(Beginning of Supplied records)

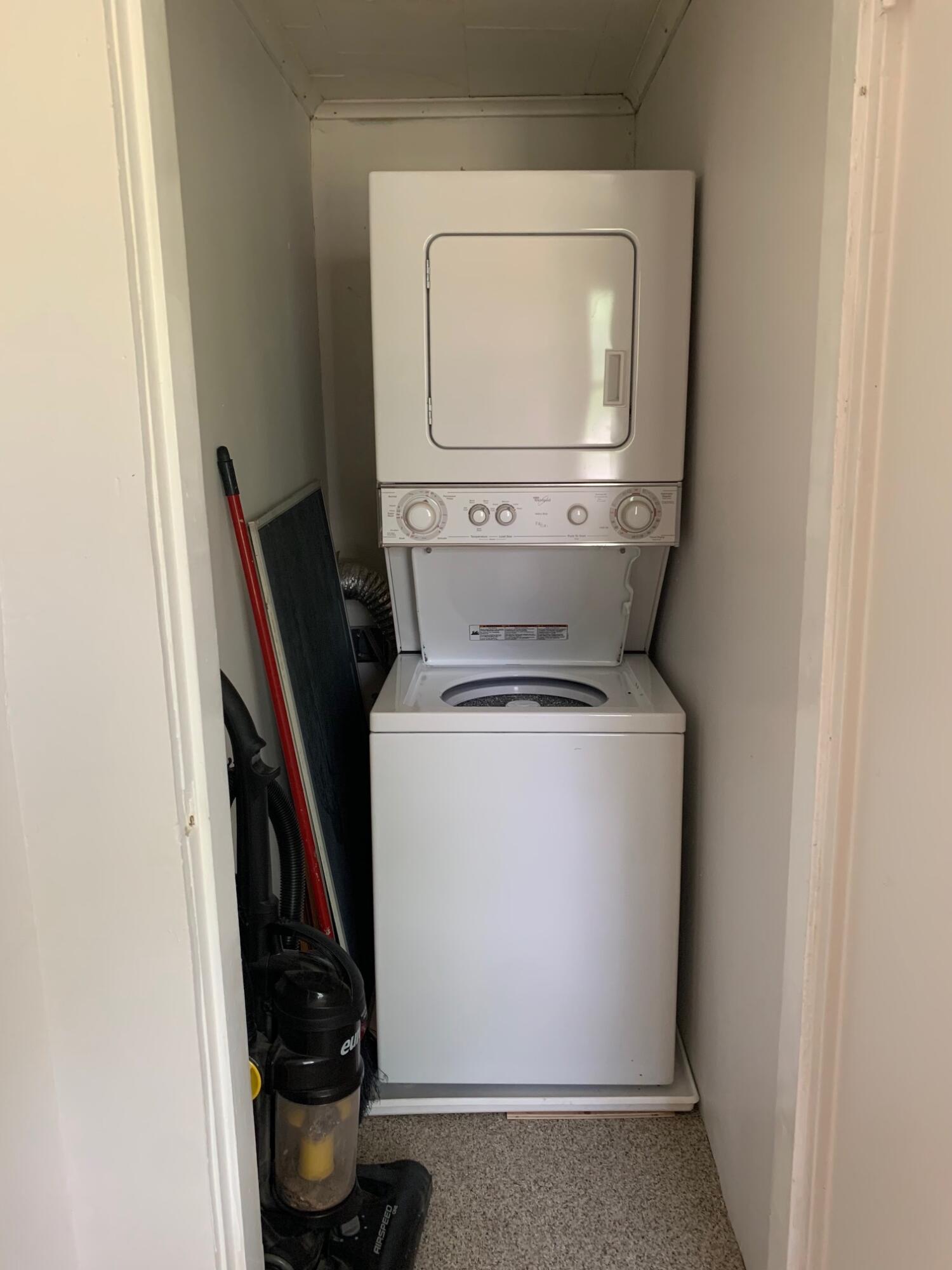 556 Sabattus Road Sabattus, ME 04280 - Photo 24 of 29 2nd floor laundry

(End of Supplied records)
(Beginning of Supplied records)

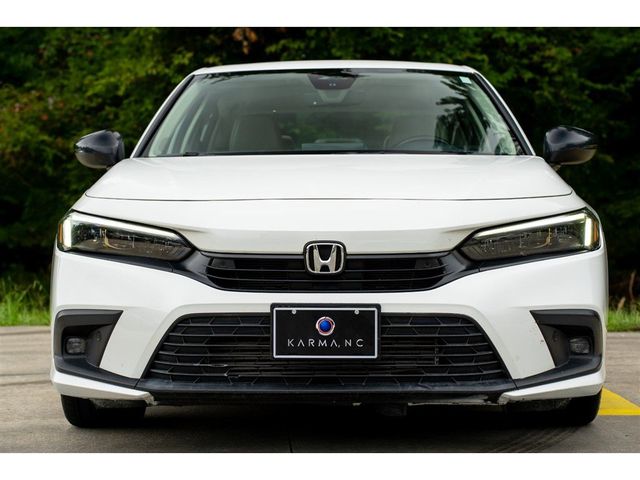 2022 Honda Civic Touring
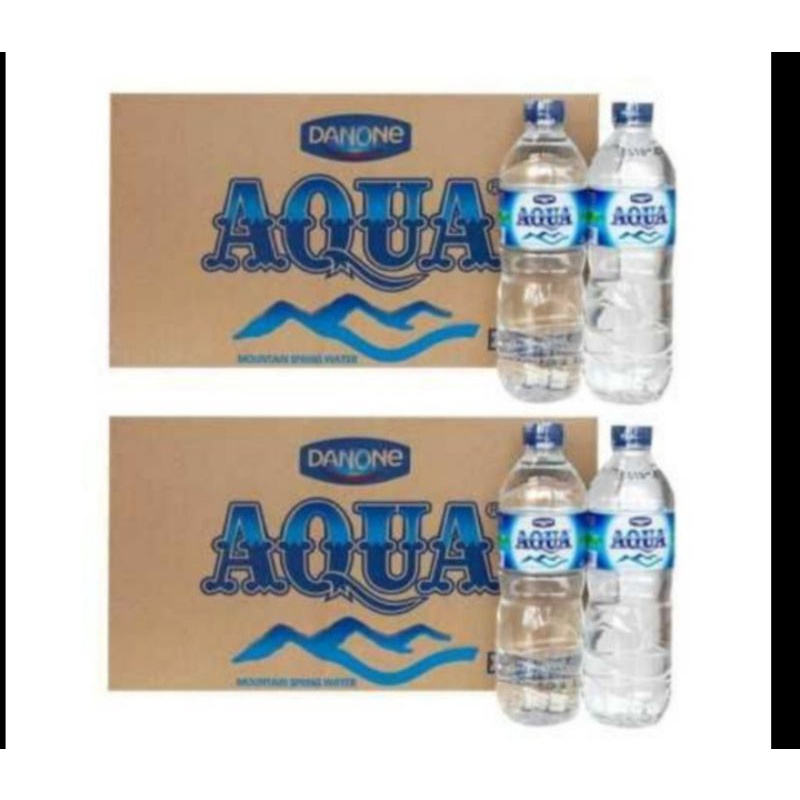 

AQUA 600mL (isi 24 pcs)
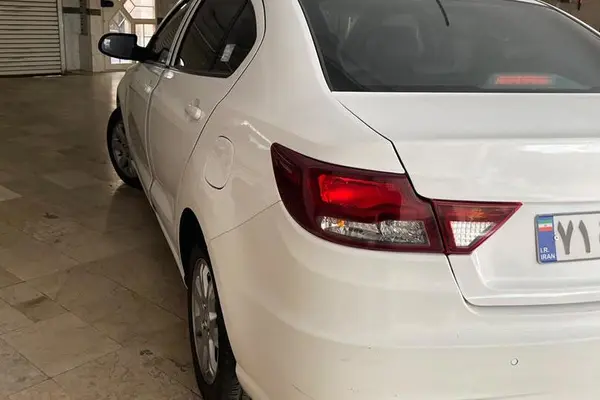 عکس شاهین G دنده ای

(End of Supplied records)
(Beginning of Supplied records)

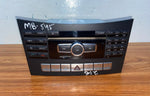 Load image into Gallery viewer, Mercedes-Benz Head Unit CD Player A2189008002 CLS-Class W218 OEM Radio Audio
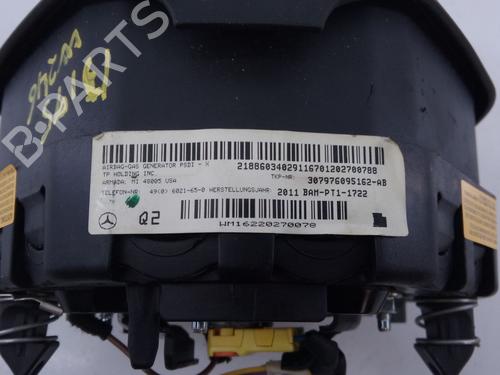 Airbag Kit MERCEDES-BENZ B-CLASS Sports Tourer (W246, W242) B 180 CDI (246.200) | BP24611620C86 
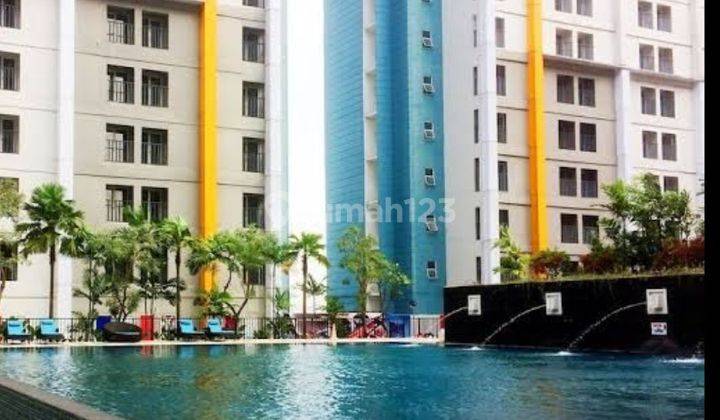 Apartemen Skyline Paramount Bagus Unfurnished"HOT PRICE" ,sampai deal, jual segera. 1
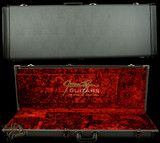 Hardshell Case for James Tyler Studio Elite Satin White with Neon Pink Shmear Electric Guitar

(End of Supplied records)

**Assignment**
Skipping the pictures, print the lines in the listing above exactly as written, starting at the line with "Load image into" and ending at the line with "Hardshell Case for", both included.

**Reply to the task**
 Load image into Gallery viewer, Mercedes-Benz Head Unit CD Player A2189008002 CLS-Class W218 OEM Radio Audio
 Airbag Kit MERCEDES-BENZ B-CLASS Sports Tourer (W246, W242) B 180 CDI (246.200) | BP24611620C86 
 Apartemen Skyline Paramount Bagus Unfurnished"HOT PRICE" ,sampai deal, jual segera. 1
 Hardshell Case for James Tyler Studio Elite Satin White with Neon Pink Shmear Electric Guitar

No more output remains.